The Act takes aim at the key shareholder proposal eligibility provisions. The bill would require the SEC to eliminate the alternative US$2,000 ownership threshold and “require the shareholder to hold” at least one per cent of the subject company’s shares. Accordingly, it does not appear to permit aggregation of shares by multiple shareholders to reach this threshold. The bill would also require the SEC to increase the holding period requirement from one year to three years and to increase the minimum shareholder support threshold for resubmissions within a five-year window from the current three per cent (for the first resubmission), six per cent(for the next resubmission) and ten per cent (for any subsequent resubmissions) to 6 per cent, 15 per cent and 30 per cent, respectively.
Lastly, the bill would abolish proposals from non-shareholders completely.
In its current form, the bill would make it harder for shareholders to submit Rule 14a-8 proposals.
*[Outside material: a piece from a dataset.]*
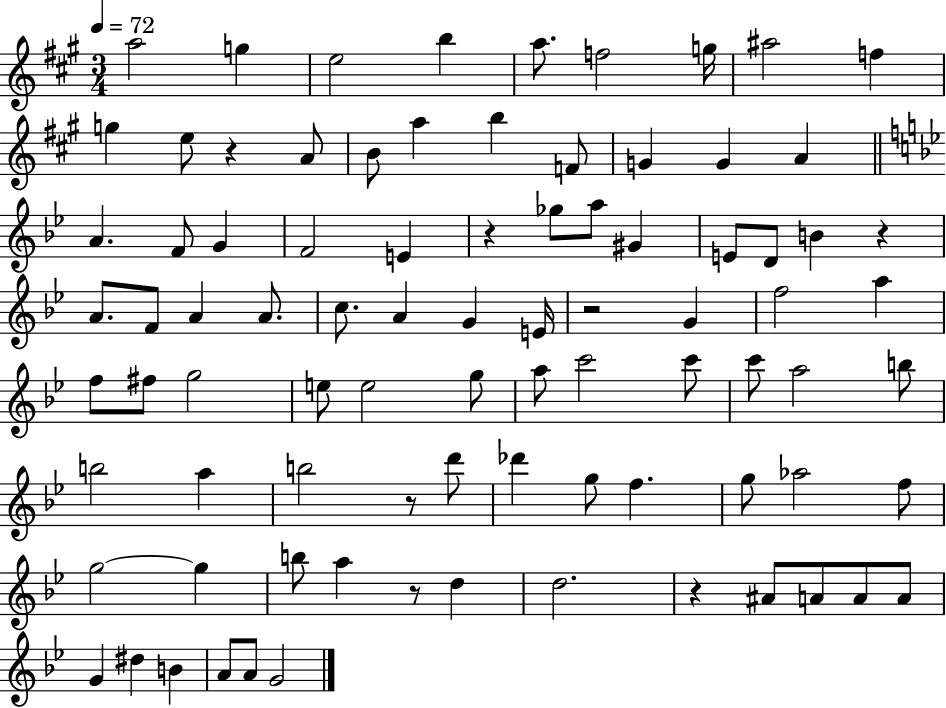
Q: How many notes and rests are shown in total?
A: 86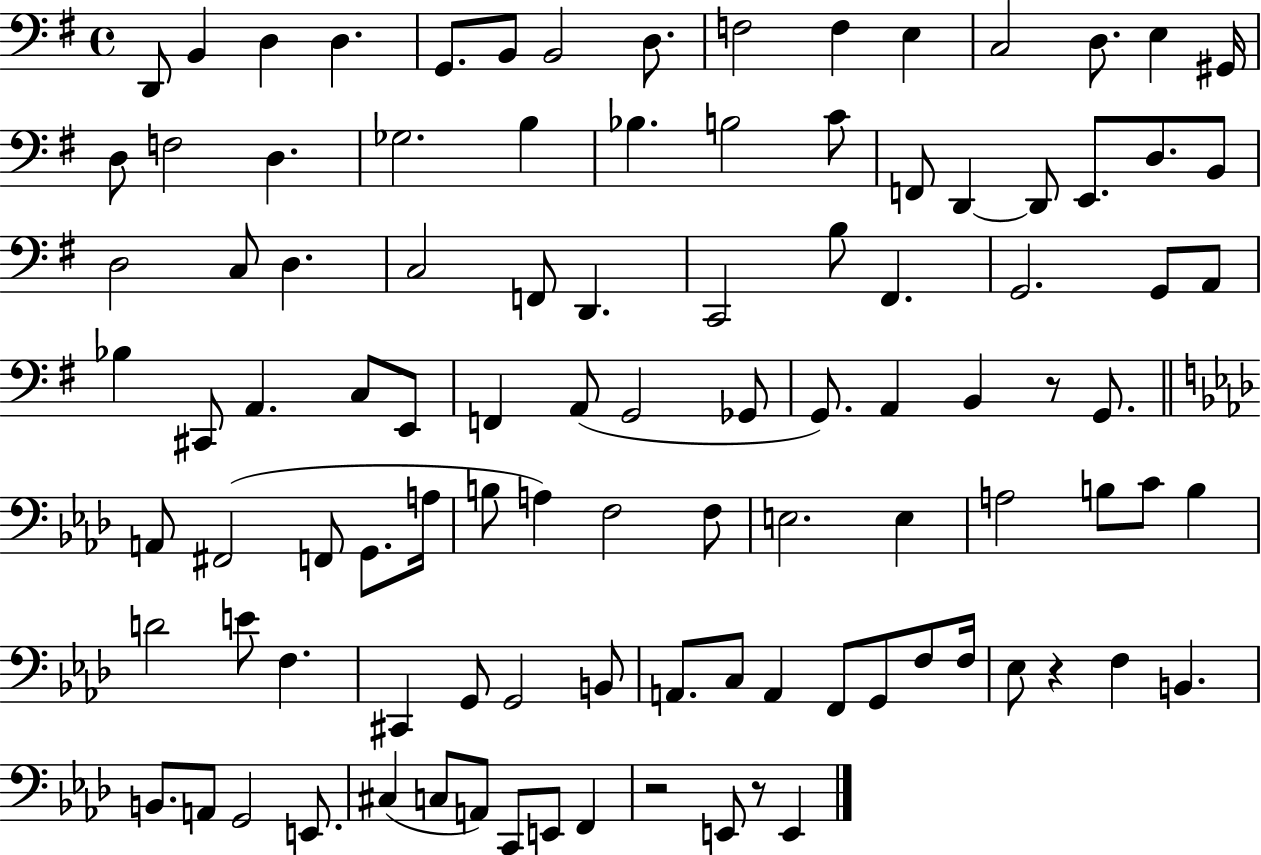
D2/e B2/q D3/q D3/q. G2/e. B2/e B2/h D3/e. F3/h F3/q E3/q C3/h D3/e. E3/q G#2/s D3/e F3/h D3/q. Gb3/h. B3/q Bb3/q. B3/h C4/e F2/e D2/q D2/e E2/e. D3/e. B2/e D3/h C3/e D3/q. C3/h F2/e D2/q. C2/h B3/e F#2/q. G2/h. G2/e A2/e Bb3/q C#2/e A2/q. C3/e E2/e F2/q A2/e G2/h Gb2/e G2/e. A2/q B2/q R/e G2/e. A2/e F#2/h F2/e G2/e. A3/s B3/e A3/q F3/h F3/e E3/h. E3/q A3/h B3/e C4/e B3/q D4/h E4/e F3/q. C#2/q G2/e G2/h B2/e A2/e. C3/e A2/q F2/e G2/e F3/e F3/s Eb3/e R/q F3/q B2/q. B2/e. A2/e G2/h E2/e. C#3/q C3/e A2/e C2/e E2/e F2/q R/h E2/e R/e E2/q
However, like the other elements of the bill, the shareholder proposal reform provisions may look very different if and when implemented.
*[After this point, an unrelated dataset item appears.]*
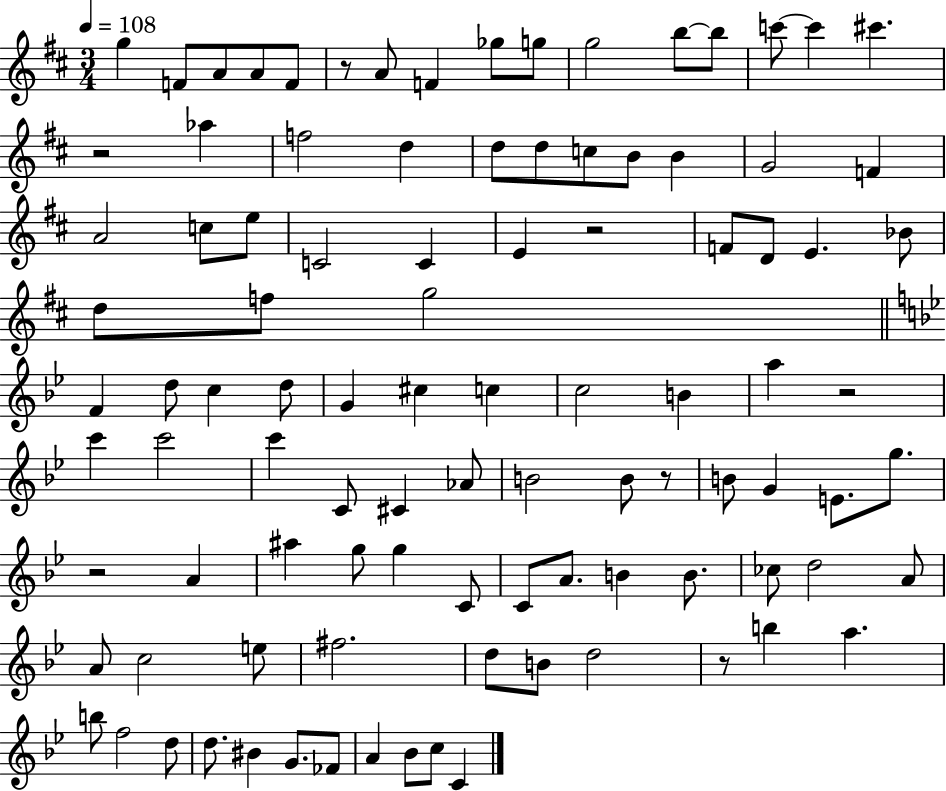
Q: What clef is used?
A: treble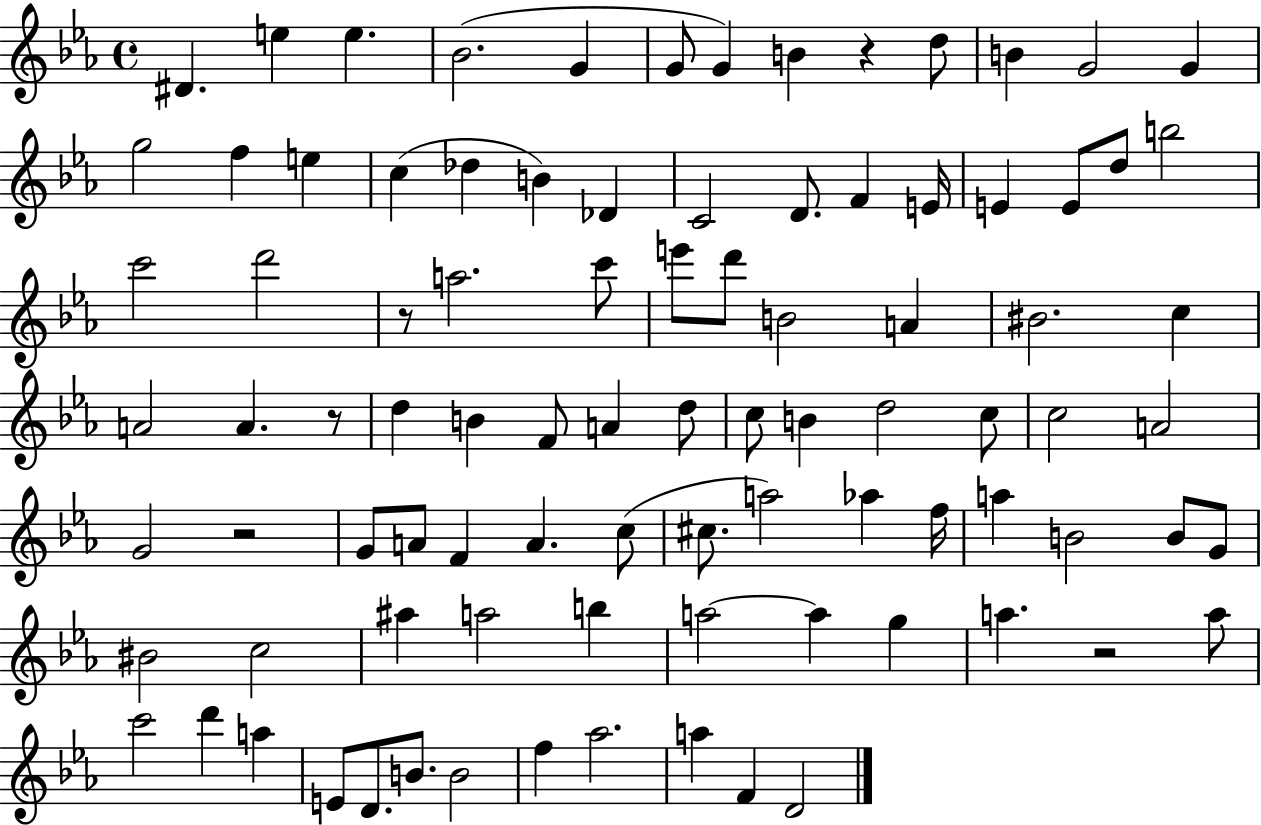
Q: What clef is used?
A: treble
DOL’s transition period for the new fiduciary rule went into effect on June 9, 2017
On June 9, 2017, the Department of Labor’s (DOL) new rule defining who is a fiduciary under ERISA (Fiduciary Rule) and related prohibited transaction exemptions (PTEs) went into effect and compliance with the Fiduciary Rule and the related PTEs is required after June 9, 2017. A transition period will run from June 9, 2017 to January 1, 2018 (Transition Period), during which the exemptions from the Fiduciary Rule will be available and only compliance with the “Impartial Conduct Standards” condition of those exemptions will be required. Compliance with the remaining conditions of the Best Interest Contract Exemption (BIC Exemption) and with the PTEs (including amendments to Prohibited Transaction Exemption 84-24 (PTE 84-24), which applies to payment of sales commissions in connection with a plan’s purchase of insurance and annuity contracts) will not be required until January 1, 2018.
The Impartial Conduct Standards generally require that a fiduciary: provides advice in retirement investors’ best interest (i.e. advice that is prudent and loyal); charge no more than reasonable compensation; and avoid misleading statements.
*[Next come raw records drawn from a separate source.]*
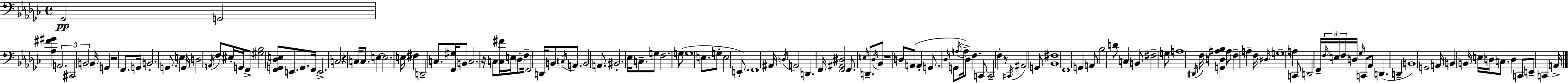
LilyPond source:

{
  \clef bass
  \time 4/4
  \defaultTimeSignature
  \key ees \minor
  ges,2\pp g,2 | <aes fis' gis'>4 \tuplet 3/2 { a,2. | cis,2 b,2 } | b,16 g,4 r2 f,8. | \break g,16 b,2.-. g,8. | e4 g,16 d2 \acciaccatura { a,16 } f8 | eis16-. g,16 f,8-> <gis bes>2 <f, g, des e>8 e,8. | g,8. f,16 e,2.-> | \break c2 r4 c16 c8. | e4~~ e2. | e16 fis4 d,2-- c8. | <f, gis>16 b,8 c2. | \break r16 c8 <c fis'>16 e16 \parenthesize des8-. f16-- f,2 | d,16 b,8 \acciaccatura { c16 } a,8. b,2 a,8. | bis,2.-. ees16 c8.-- | g8 f2. | \break g8( g1 | e8. g8-. e2 e,8.-.) | f,1 | ais,16 \acciaccatura { d16 } a,2 d,4. | \break f,16 <f, ais, dis>2 f,8. \grace { e16 } d,8.-- | \acciaccatura { des16 } bes,8 r1 | d8 a,8( a,4-. g,8. | \grace { des16 } g,8 \acciaccatura { a16 }) a16-> des8 f4. c,8 c,2-- | \break f4-. r8 \acciaccatura { cis,16 } ais,2 | g,8 <bes, fis>1 | f,1 | g,4 a,8 bes2 | \break d'8 c4 b,8 fis2-- | g8 a1 | \acciaccatura { dis,16 } f16 <g, d ais bes>4 ais8 | f4-- a4-- f16 \grace { dis16 } g1-- | \break a4 c,8 | d,2 f,16-- \tuplet 3/2 { \grace { f16 } e16 f16 } d16 \grace { ges16 } c,8 | aes,8 d,4.( d,4-- b,1) | g,2 | \break a,16 b,4 b,16 e16 d16 c8. d4 | c,8 e,8-- c,4 a,16-> \bar "|."
}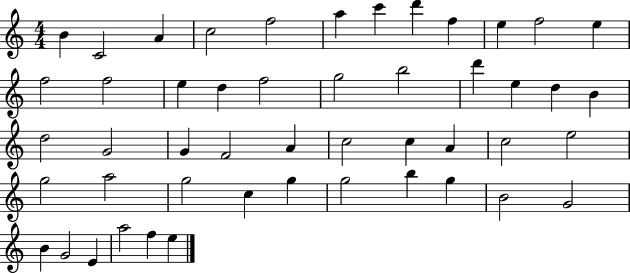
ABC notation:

X:1
T:Untitled
M:4/4
L:1/4
K:C
B C2 A c2 f2 a c' d' f e f2 e f2 f2 e d f2 g2 b2 d' e d B d2 G2 G F2 A c2 c A c2 e2 g2 a2 g2 c g g2 b g B2 G2 B G2 E a2 f e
During the Transition Period
- Certain disclosures need not be provided, including (among others): acknowledgment of fiduciary status; written commitment to adhere to the Impartial Conduct Standards; and compliance with the recordkeeping requirements of the exemptions.
- Fiduciaries may rely on the BIC Exemption by complying with the Impartial Conduct Standards.
- Parties receiving compensation in connection with annuity recommendations can rely on the broad transition exemption in the BIC Exemption or they can continue to rely on PTE 84-24, which has historically applied to all annuity products.
During the Transition Period the DOL will continue to review, and may revise significant parts of, the fiduciary regulation and the related exemptions before the January 1, 2018 full-compliance date. This regulatory situation is fluid and uncertain and, while it seems possible that the detailed written and procedural aspects of the BIC Exemption will be scaled back, perhaps substantially, it also remains possible that compliance with all of the remaining conditions of the exemptions could be required as of January 1, 2018.
SEC Chairman Clayton announced that the SEC will undertake analyses of the Fiduciary Rule in an effort to develop a securities law definition of fiduciary.